Tatsächlich war bei immerhin 12 % der Tumorpatienten mit muskuloskelettalen Symptomen zunächst eine rheumatische Erkrankung wie transiente Synovitiden der Hüfte oder eine JIA diagnostiziert worden. Vor allem Neuroblastome, eine Langerhans-Zell-Histiozytose, Lymphome und akute lymphoblastische Leukämien waren zunächst als juvenile Arthritis fehldiagnostiziert worden.

Es zeigte sich in der Studie, dass Morgensteifigkeit, Symptome in Knien und/oder Knöcheln (symmetrisch) und Handgelenken (symmetrisch) und polyartikuläre Symptome in den oberen und unteren Extremitäten häufiger durch eine JIA als durch Malignitäten verursacht wurden.
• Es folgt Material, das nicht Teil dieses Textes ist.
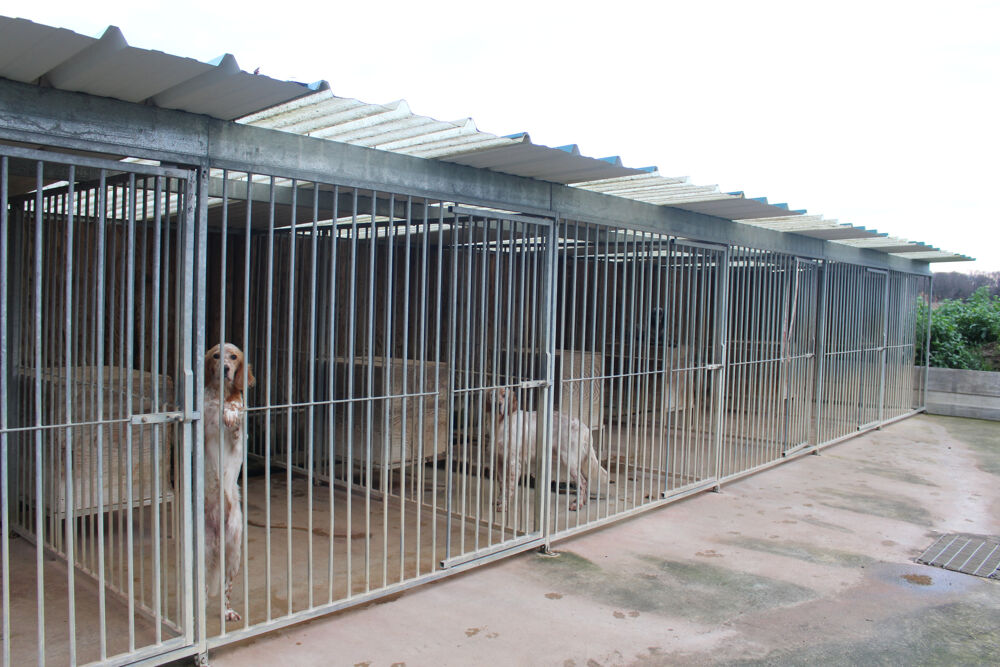 � vendre  Propri�t�/ch�teau Champagne (17620)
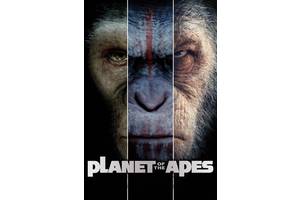 The Best Planet Of The Apes Movie Still Hasn’t Been Topped, But I’m Confident Disney’s Next Sequel Can Do It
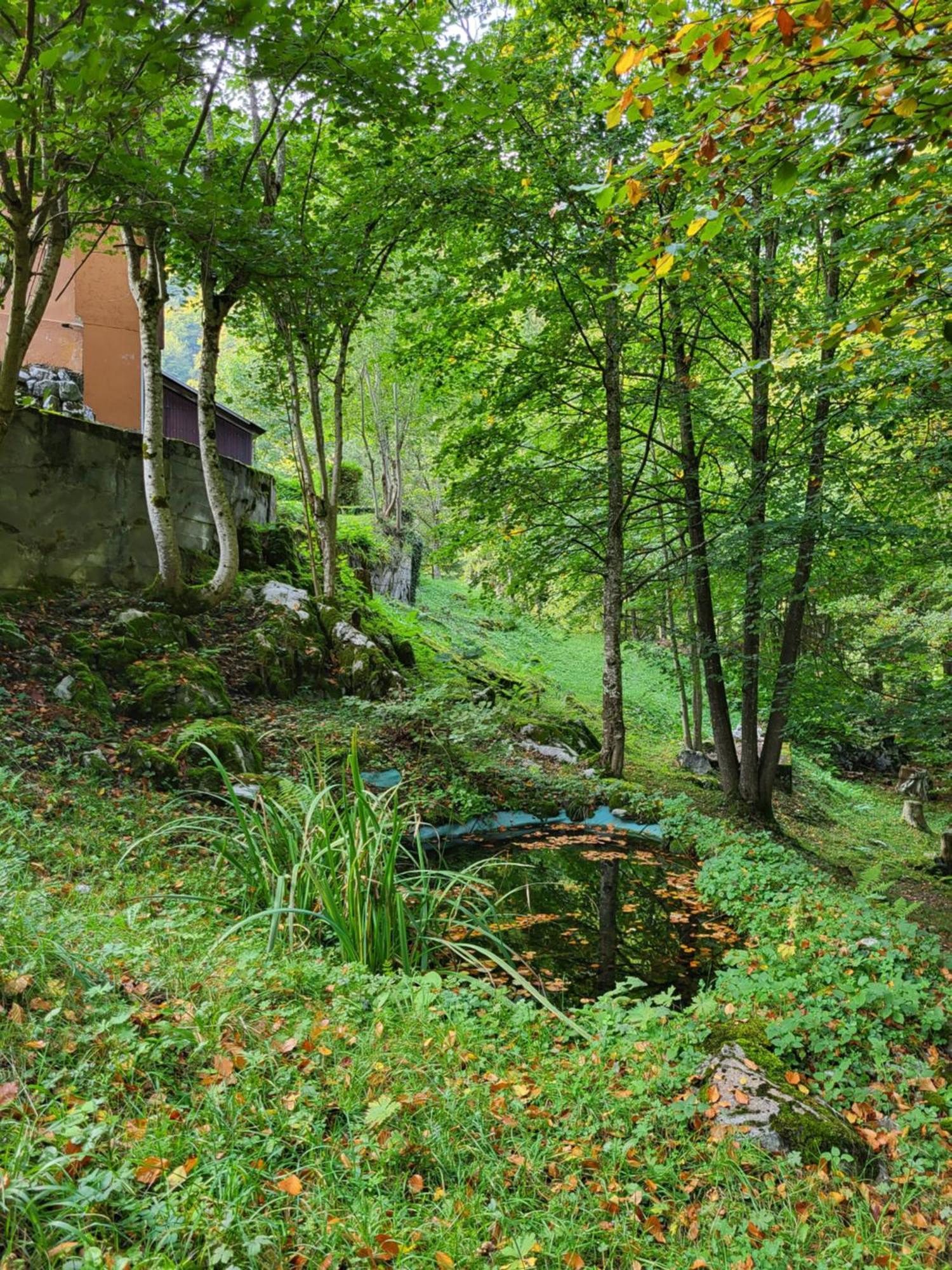Ferienhaus Baerschwendi Lungern Eksteriør bilde
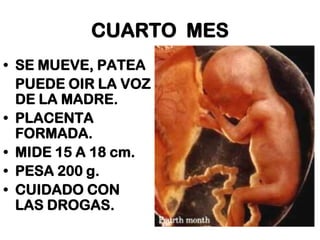 CUARTO MES
• SE MUEVE, PATEA
PUEDE OIR LA VOZ
DE LA MADRE.
• PLACENTA
FORMADA.
• MIDE 15 A 18 cm.
• PESA 200 g.
• CUIDADO CON
LAS DROGAS.

 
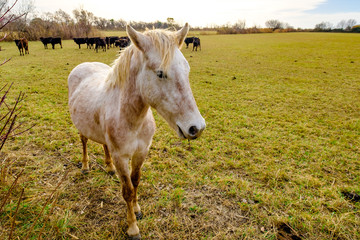 Cheval blanc et les taureaux noir de Camargue sur pâture.  Provence, France.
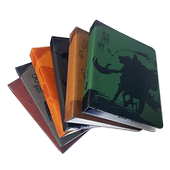 TW地风升吕布貂蝉卡游三国赵云关羽张飞九格三国杀九格水浒卡册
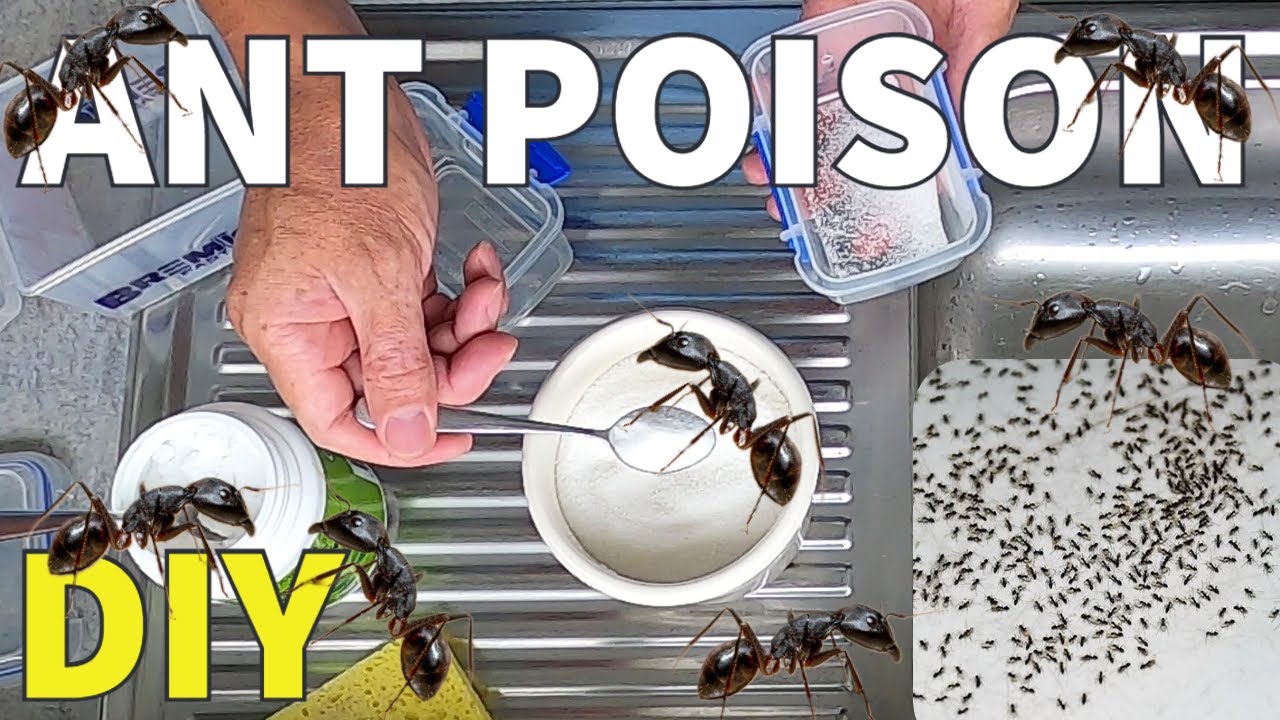Сделай сам: средство от муравьев Borax Ant Killer — как сделать яд для муравьев и станции для при...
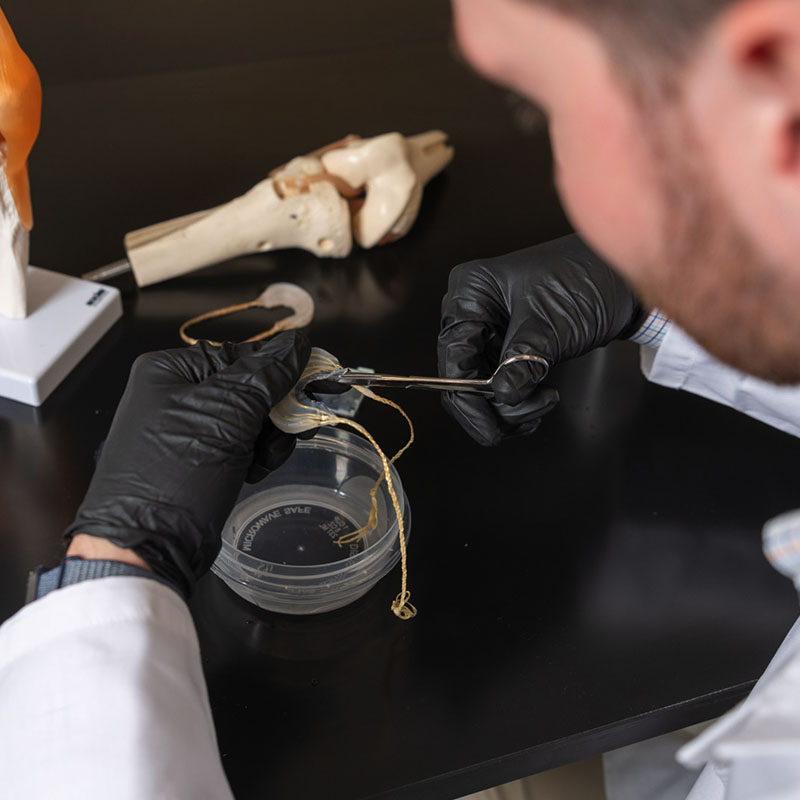 A researcher wearing black gloves uses tools to manipulate a sample over a Petri dish, with an anatomical knee model on the table nearby.
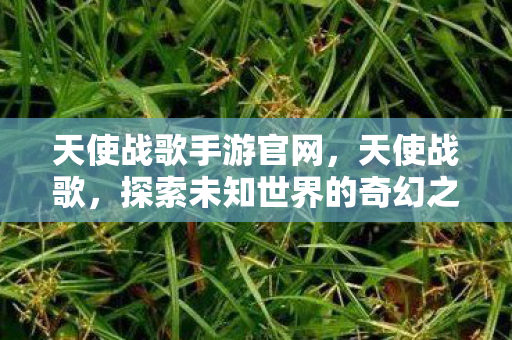 天使战歌手游官网，天使战歌，探索未知世界的奇幻之旅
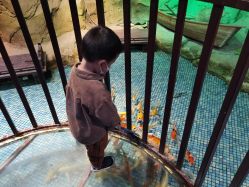 -酷嗒动物文化乐园(cutezoo西溪乐天城店)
Eine multivariate Regressionsanalyse ergab, dass Knochenschmerzen in den Extremitäten die am stärksten mit Malignomen assoziierte unabhängige Variable waren (Odds ratio, OR 87,8), gefolgt von Gewichtsverlust (OR 59,8), Thrombozytopenien (OR 12,7), monoartikulären Beschwerden (OR 11,3), Hüftschmerzen (OR 3,3) und männlichem Geschlecht (OR 2,4). Als unabhängig mit einer JIA assoziierte Faktoren wurden Morgensteifigkeit (OR 0,04), Gelenkschwellungen (OR 0,03) und eine Beteiligung kleiner Handgelenke (OR 0,02) identifiziert.

Kompakt: Die häufiger bei Tumorerkrankungen als JIA auftretenden Merkmale könnten pädiatrischen Rheumatologen Anhaltspunkte für die korrekte Differenzialdiagnose geben und dabei helfen, die Rate initialer Fehldiagnosen von ca. 12 % zu senken.